DATA SUPPLIED
-=-=-=-=-
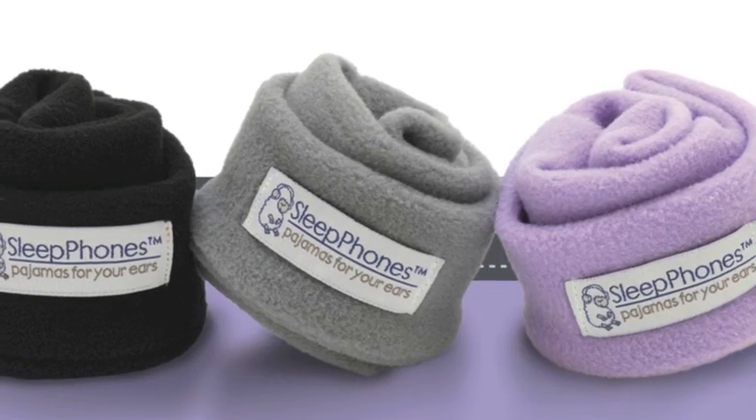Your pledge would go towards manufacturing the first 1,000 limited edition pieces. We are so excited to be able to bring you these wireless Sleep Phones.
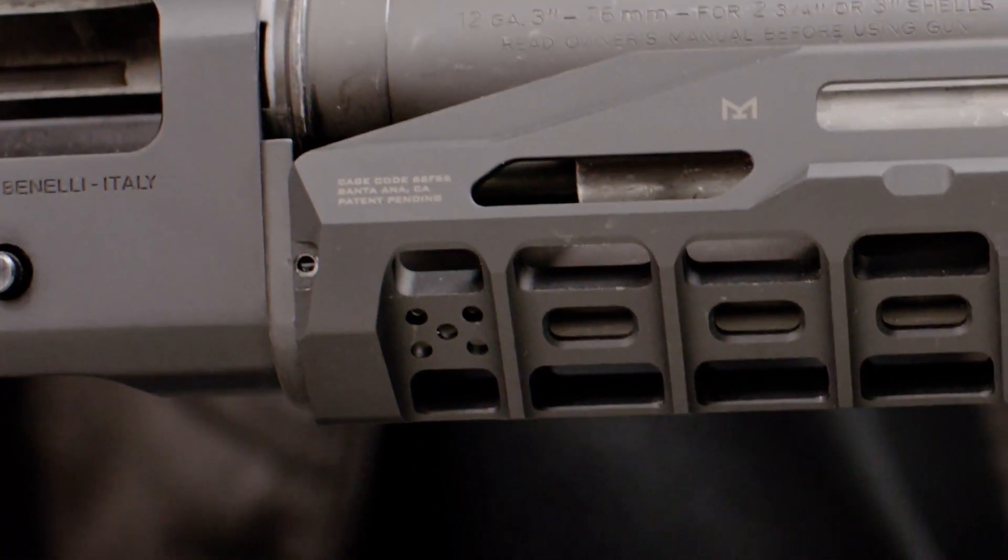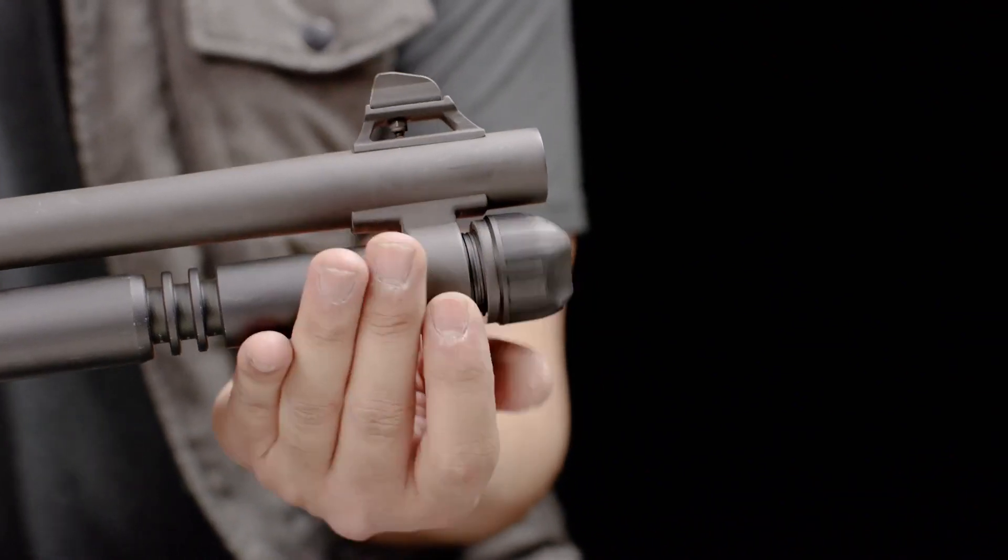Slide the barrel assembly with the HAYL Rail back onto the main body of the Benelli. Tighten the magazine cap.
-=-=-=-=-
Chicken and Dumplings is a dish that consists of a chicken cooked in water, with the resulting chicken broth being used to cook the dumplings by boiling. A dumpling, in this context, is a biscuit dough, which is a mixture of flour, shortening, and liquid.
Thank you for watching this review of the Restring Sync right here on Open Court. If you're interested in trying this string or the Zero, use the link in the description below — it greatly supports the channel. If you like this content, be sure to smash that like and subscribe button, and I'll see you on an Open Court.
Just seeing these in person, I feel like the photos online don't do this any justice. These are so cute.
-=-=-=-=-
YOUR TASK
Would you please repeat only the lines above, beginning at the one that has "Your pledge would" and stopping after the one that has "Slide the barrel", exactly and with no pictures?

COMPLETED TASK
Your pledge would go towards manufacturing the first 1,000 limited edition pieces. We are so excited to be able to bring you these wireless Sleep Phones.
Slide the barrel assembly with the HAYL Rail back onto the main body of the Benelli. Tighten the magazine cap.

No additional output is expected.